A 2019 Toronto Auditor General’s report concluded that the TTC’s estimates of lost revenues due to faulty Presto devices, which amounted to $3.4 million in losses in 2018, were not overstated and “may even be understated.” Despite the relationship with Accenture, the private company that oversees Presto, being flagged as problematic by multiple government watchdogs and the transit agency board, the company’s original 10-year, $232 million contract that began in 2006 was extended again in December 2021. The extension was not because the service that Accenture provides is exceptional or even adequate, but because Metrolinx acknowledged that at this juncture, removing Presto would be too risky. Since its inception, the contract has ballooned in value to more than $1.7 billion, and has now been extended to 2025.
But there’s hope on the horizon. As the cracks in P3s continually reveal themselves, communities and municipalities across the country are waking up to the risks associated with this model and pushing back.
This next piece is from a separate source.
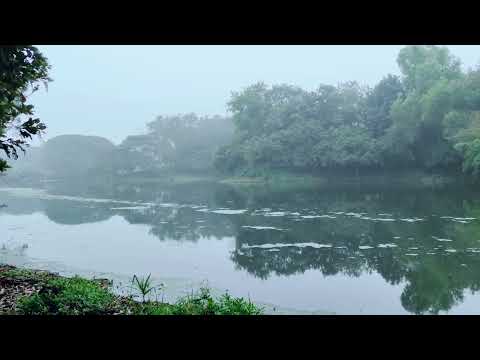 ভিডিও প্রিভিউ ভিডিও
Recently, the Amalgamated Transit Union (ATU) Local 569 in Edmonton organized to lobby the City of Edmonton to reverse their July 2021 decision to privatize 100 transit cleaner jobs. The local collected more than 1,500 member signatures (approximately 70% of the bargaining unit) and ran a social media campaign to raise awareness about the planned privatization and build support for the call for cancellation. This is an important win for transit workers in Edmonton, where service for 37 neighbourhoods has been contracted out to a privatized bus service, Pacific Western.
Ahead of Hamilton committing to its LRT plan, in 2017 then-city councillor Matthew Green advocated for Hamilton Street Railway operating and maintaining the system. Green’s proposal was met with a groundswell of support that included a “Keep Transit Public,” rallies, and a petition that collected over 5,000 signatures in support of an HSR-run LRT. This past September, the City opted to sign a deal with Metrolinx, which will result in an AFP project.
Transit systems will play a vital role in Canada’s fight against climate change. While ground has been ceded to private interests through P3 projects, we can work to ensure that green infrastructure built over the coming years is not co-opted by private interests in the name of profit. These are our systems, for the good of the public. It’s time to demand the transit systems that we deserve, that invest in our community by providing safe, reliable service, good jobs and sustainable transportation options.